The infamous Beast of Bray Road has been reported by seemingly sane people in the Wisconsin town of Elkhorn since back in the 1930s. They described the giant man-wolf as a six to seven feet tall creature with "big pointed ears on the top of its head, and a bigger snout than what a bear has," according to one local who saw the thing and described it to the local news.

The weird part is hundreds of people have reported seeing the thing and the sightings keep rolling into the offices of the local authorities. This is the latest documentary from Small Town Creatures studio, which records local myths and monsters with their compelling horror documentaries.

What it's probably like: The Howling meets Making a Murderer.

Termitator (Part of the Sunday Short Film Series, Sunday at 1 p.m.)
The first time you hear the title of this movie, your honest, initial assessment was no doubt that Termitator was about some kind of killer mutant potato, but the real thing sounds so much weirder.

According to the description of this 15-minute short, found on the festival's website, "four douche-bags" go to a secluded cabin for the usual weekend party of human degradation that invariably sets up horror film victims to befall an inevitably grisly death. This time, the killer is a "humanoid-termite mutant." What more could you want? Ed Hardy-wearing jerks get disemboweled and dismembered by a man-sized insect and you can watch it in one sitting without having to get up for a bathroom break.

What it's probably like: The Evil Dead meets The Fly, meets Entourage: The Movie.

Why Does the New Federative Alliance Need an Old Military Bot? (part of the Saturday Short Film Series, Saturday at 12 p.m.)

This one jumps out right in your face, because it's been a long time since we've seen a movie with a title longer than six words like Borat: Cultural Learnings of America for Make Benefit Glorious Nation of Kazakhstan, Don't Be a Menace to South Central While Drinking Your Juice in the Hood or The Incredibly Strange Creatures Who Stopped Living and Became Mixed-Up Zombies. It's such a brave and daring thing to do in this day and age when people are demanding their attention be met every three-and-a-half seconds.
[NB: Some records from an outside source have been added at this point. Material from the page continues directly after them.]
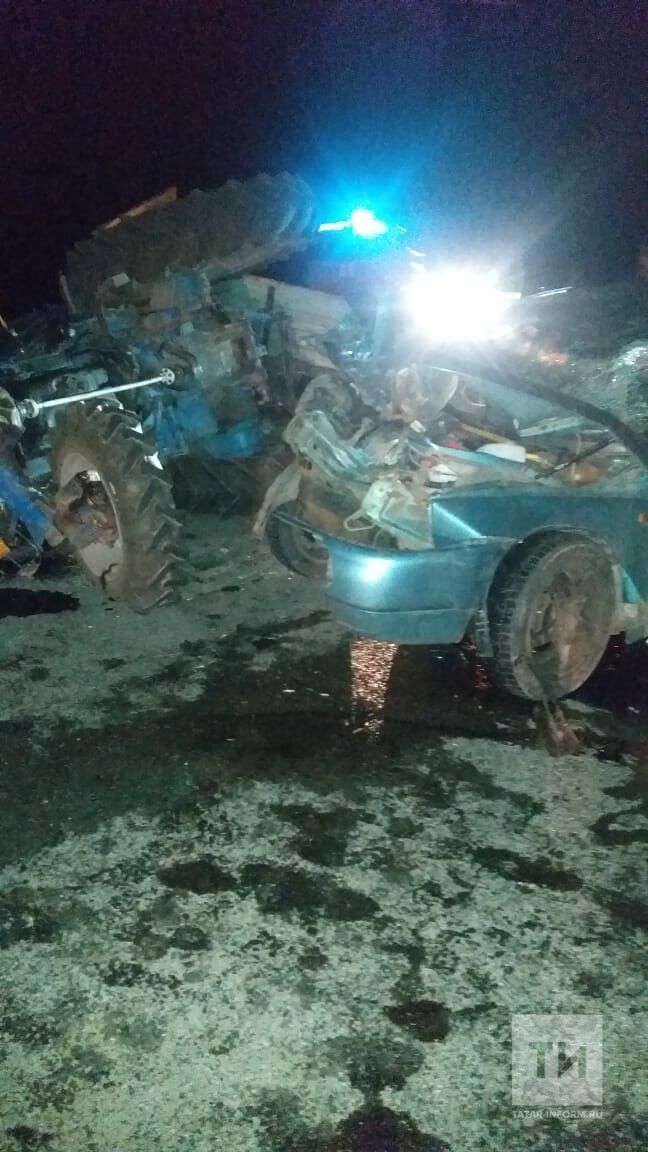 На трассе Чистополь-Аксубаево произошло ДТП с участием трактора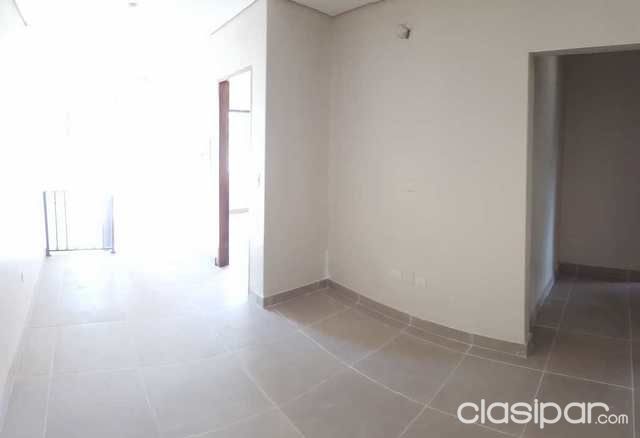 VENDO AMPLIOS DUPLEX EN CONDOMINIO ZONA CONMEBOL — foto 3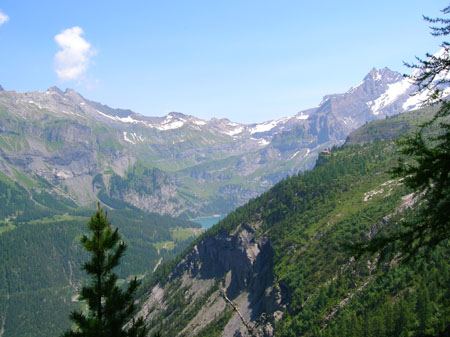 daar is de Oeschinensee weer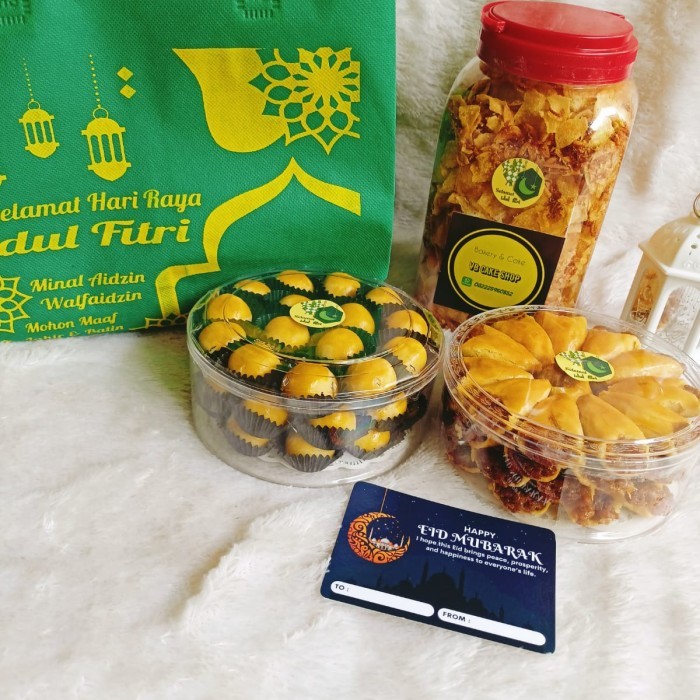 

PARCEL IDUL FITRI PAKET NASTAR + KERIPIK KENTANG EBI LEBARAN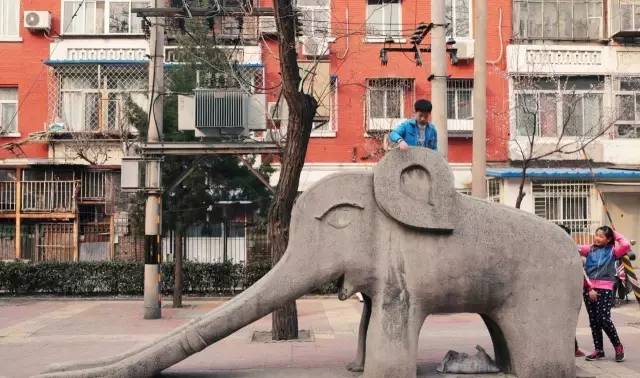 迎泽公园以前儿童乐园的大象滑梯,迎泽公园滑梯大象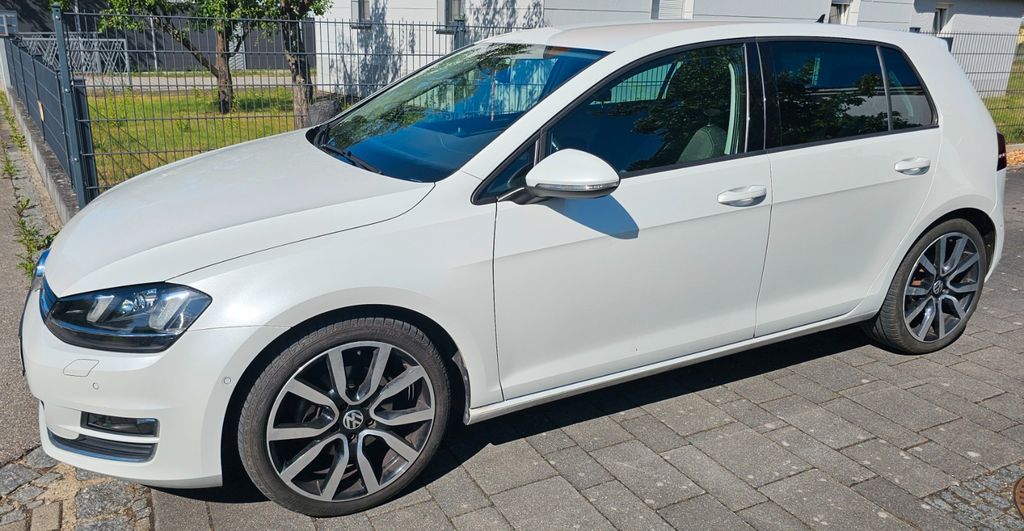 VW Golf 59.400 km 14.800 &euro; Neustadt an der Donau 93333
The trailer for this sci-fi horror story is also pretty mysterious, which only makes it more intriguing. The festival describes it as a post-apocalyptic tale of two men -a prisoner and his captor- wandering the scorched Earth's landscape in search of an outdated military robot that will somehow be the key to humanity's survival. It's gonna feel like watching a giant jigsaw puzzle being put together without knowing the image on the puzzle's box.

What it's probably like: Mad Max meets WALL-E, meets the middle part of The Good, The Bad and The Ugly

The VelociPastor (Saturday at 12 a.m.)

Almost everything you need to know is right there in the title. It's about a pastor who can turn into a dinosaur. Oh, and ninjas are involved somehow. Don't ask any more questions.

What it's probably like: An American Werewolf in Paris meets Jurassic Park meets First United.